2008年01月11日 00時01分01秒 | ビジネス
事務所移転に関する経験を少しまとめておく。本来であれば1年前に経験しているはずだったが、幸か不幸か、入居を希望するフリーゾーンには手ごろなオフィススペースがなく、1年までという前提でサービスオフィスを借りることになったことは述べた。

これからドバイに進出する企業の多くは、ジュベル・アリ・フリー・ゾーン(JAFZA)やドバイ空港フリー・ゾーン(DAFZA)、またはドバイ・インターナショナル・フリー・ゾーン(DIFC)などの新築ビルに入居するものと思う。新築ビルのオフィスは箱として渡されるので、オフィス内の間仕切りや内装などは入居者側で業者を使ってやることになる。当地ではこれをフィット・アウトと呼んでいる。なお、インターネットや電話の配線については、別の業者と契約する必要がある。

移転先のビルを決定し、1ケ月分のデポジットを払うとようやく賃貸借契約のドラフトをもらえる。それと同時に、イダマ(IDAMA)というビルの管理を請け負っている会社にオフィスの図面が入ったCDROMをもらいに行くように言われる。だが、ファイルを開こうとしても、特殊なソフトでなければ開けないらしく、結局相談に行ったゼネコンの知人に印刷してもらうしかなかった。
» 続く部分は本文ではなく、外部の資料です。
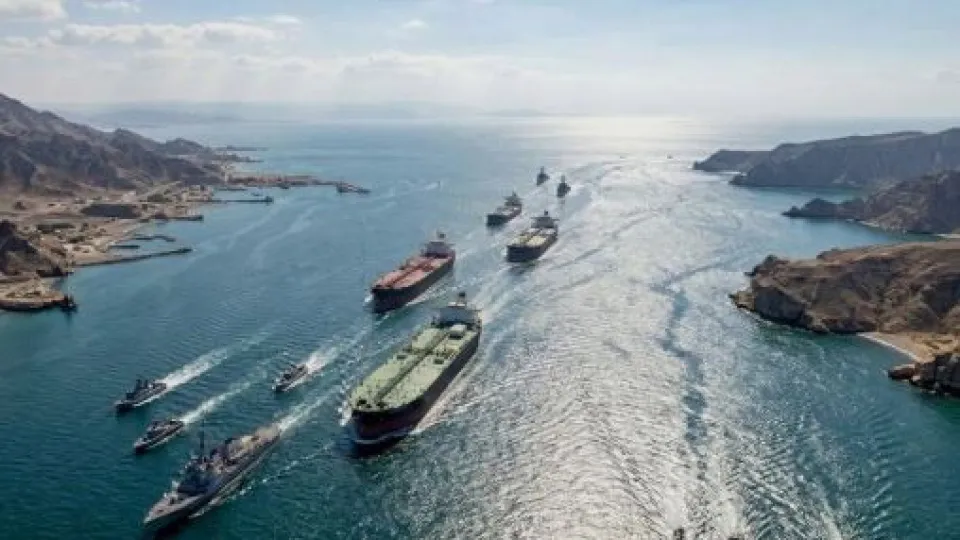İran: Hürmüz'den izinsiz geçmek isteyen üç tanker durduruldu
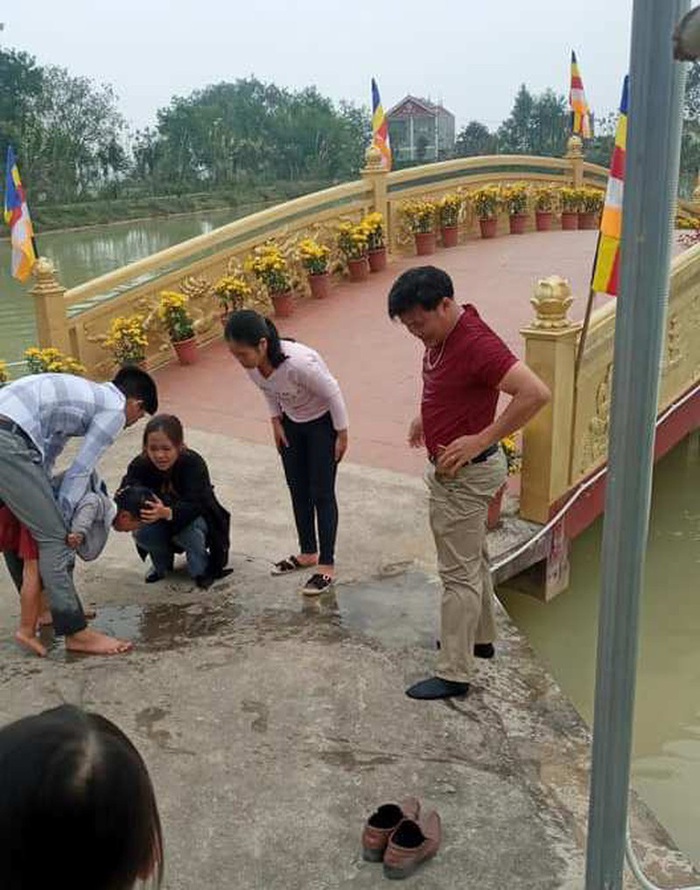 Nghệ An: Thầy giáo kịp thời cứu một cháu bé bị rơi xuống hồ nước ở chùa Giám - Ảnh 1.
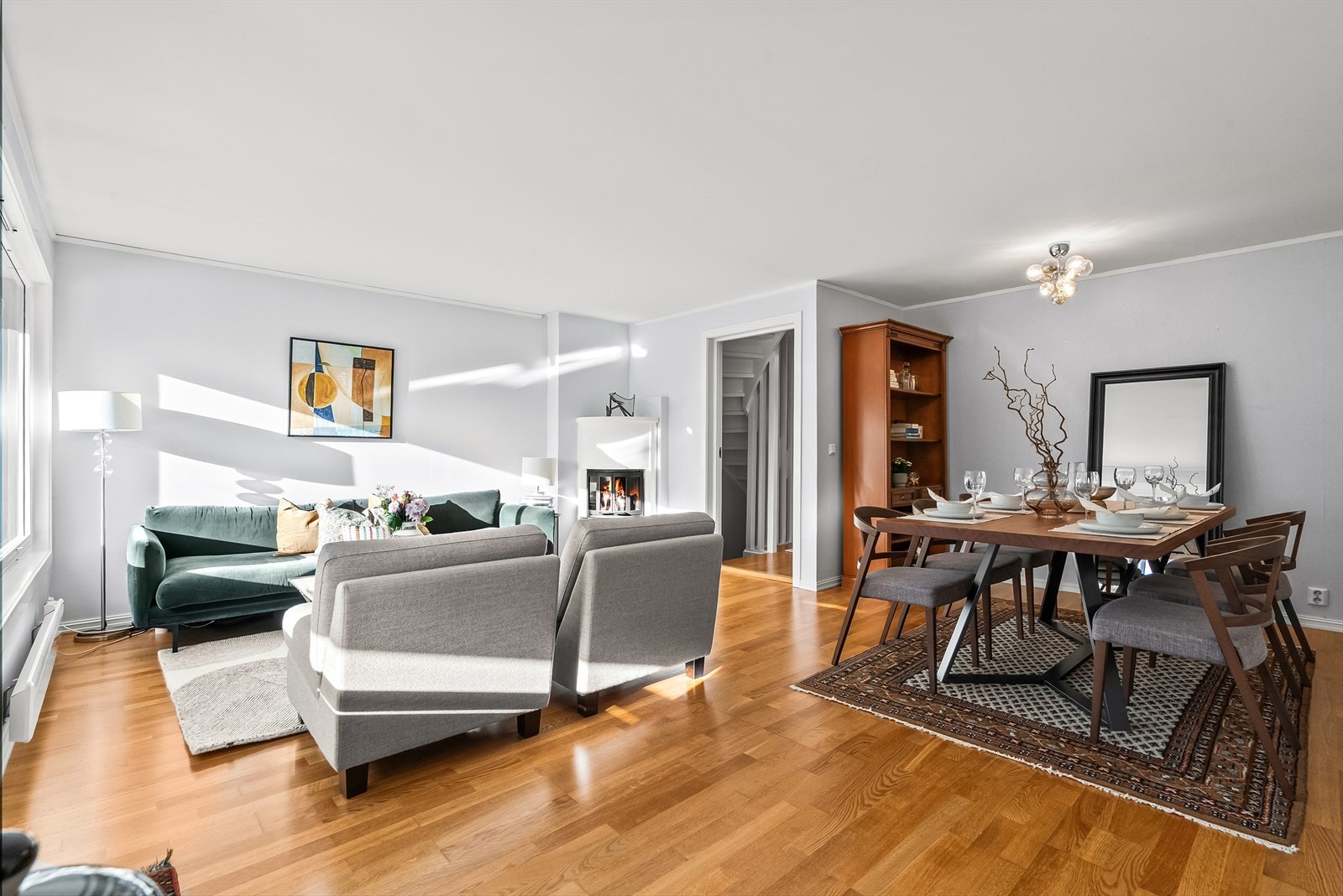 Stuen gir god møbleringsfrihet, med god plass til både sofagruppe med tilhørende møblement samt spisebord. Galleribilde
フリー・ゾーンからはフィット・アウトの業者15社ほどのリストをもらった。小さなオフィスではなかなか相手にしてもらえないと言う話を先輩駐在員から聞いていたので、これもゼネコンの知人のアドバイスで家具を売っている業者3社に絞って声をかけることにする。1社からは、自分達は大きなプロジェクトしか請け負わないので、下請けに声をかけると言われ、その下請けも含めて3社が現場の下見に来る。その内2社から見積をもらう。別の1社(ジェマコ)は、工事は最小限にして家具を売る方針であるらしく、会議室はハイ・パーティションを使うことを勧められた。私が会議室だけは外に音が漏れないようにしたいと言うと、それきり連絡をしてこなくなった。見積を比較した結果、アル・レヤミという業者に発注することにする。このアル・レヤミ、私の印象では日本企業のフィット・アウトの実績では過半数を超えているのではないかと思うくらい、よく使われている。オカムラの家具のUAEでの販売代理店をしていることも少し関係しているかもしれない。
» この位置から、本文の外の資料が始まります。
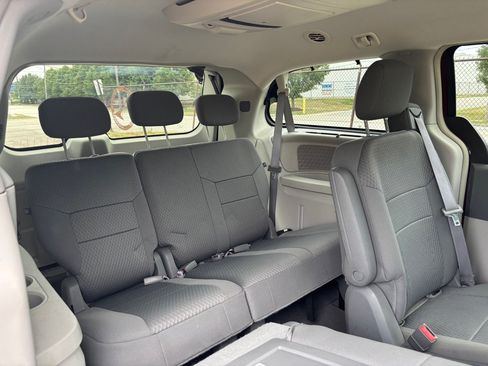 Used 2009 Chrysler Town & Country Touring w/ Entertainment Group #2 FWD image 13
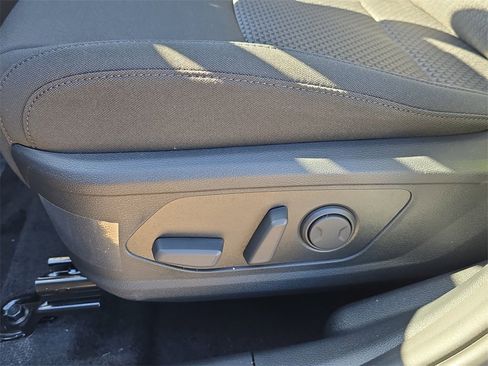 New 2026 Kia Sportage S image 22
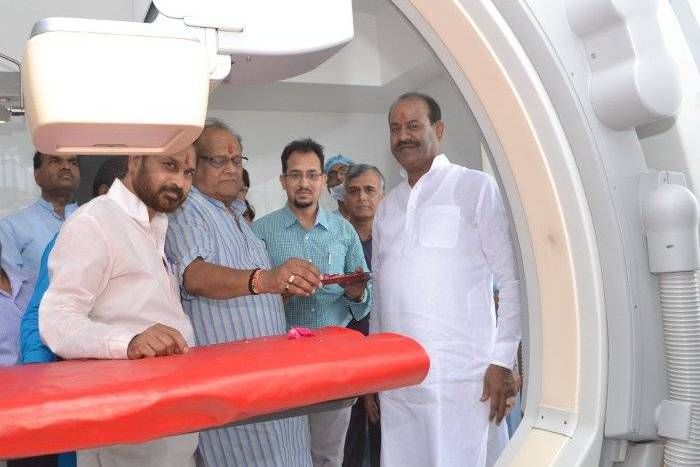 Two cardiologists found with Cath Lab कैथ लैब के साथ मिली दो कार्डियोलॉजिस्ट की सौगात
フィット・アウトの業者を選定すると、工事を始める前にオフィスのレイアウトをイダマから承認してもらう必要がある。CDROMをもらう時にイダマから聞いたところによれば、最大3日かかるということだったが、実際に承認が下りるまでには2週間かかった。工事が一通り終わって、さあ入居しようとすると、またまたイダマの検査が必要だと言われる。すぐに検査しに来てくれれば良いが、なかなか来ない。こちらは、すでに工事をさせるためだけに2ケ月分の賃料を払っている。いよいよしびれを切らして、フリーゾーンに一応断った上、引越してしまうことにした。もともと荷物は大してない。MRVで3往復するだけで十分だった。

留意した点としては、イダマの承認を得やすいように、会議室以外にはなるべく造作に変更を加えないようにしたこと。それでも、スプリンクラーや出口の表示などの位置を変更するため、別の業者と契約をしなければならなかった。アル・レヤミには毎日のように進捗確認の電話を入れるようにしたが、犠牲祭、クリスマスや年末始の休みもあり、必ずしも容易ではなかった。

今年も日本企業のドバイ進出ラッシュは続きそうだ。私自身、多くの先輩駐在員から話を聞いたが、最近ドバイに進出した企業の駐在員の経験談が最も参考になった。最近では相談を受ける側に立つこともある。フリーゾーンごとにやり方に違いがあり、必ずしも役に立つとは限らないが、できる限り親切に答えるようにしている。